23 février 2011

Alex Harvey excité à l'aube des Championnats du monde

Au cœur de la fébrilité qui règne à Oslo, en Norvège, Alex Harvey est excité à l'aube des Championnats du monde qui s'amorcent demain dans la capitale planétaire du ski de fond.

Marc Cochrane

À l'âge de 22 ans seulement, le fondeur de Saint-Ferréol-les-Neiges vit pleinement cet événement où il côtoie les meilleurs athlètes de sa discipline dans un lieu mythique où son père Pierre a déjà connu du succès, en 1988.

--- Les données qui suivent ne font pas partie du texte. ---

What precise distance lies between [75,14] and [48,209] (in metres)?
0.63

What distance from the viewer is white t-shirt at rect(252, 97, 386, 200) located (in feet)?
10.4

« On sent qu'il y a de la fébrilité dans l'air. Des gens s'installent déjà sur le bord de la piste et font du camping, allument des feux. Le drapeau norvégien est bien présent un peu partout dans la forêt », commente l'olympien des Jeux de Vancouver, en conférence téléphonique, ce matin.

En bonne forme
Harvey se dit en bonne forme physique et mentale. Il s'est entraîné en altitude et est d'autant plus confiant après avoir remporté l'argent au sprint de 1,6 km style libre, dimanche, à la Coupe du monde de ski de fond de Drammen, toujours en Norvège.

« Ce résultat me donne une carte de plus à mon jeu. C'est plus motivant, surtout à quelques jours de la course de 30 km. Ça donne une quatrième chance de monter sur le podium », souligne l'athlète de l'année au dernier Gala Victoris.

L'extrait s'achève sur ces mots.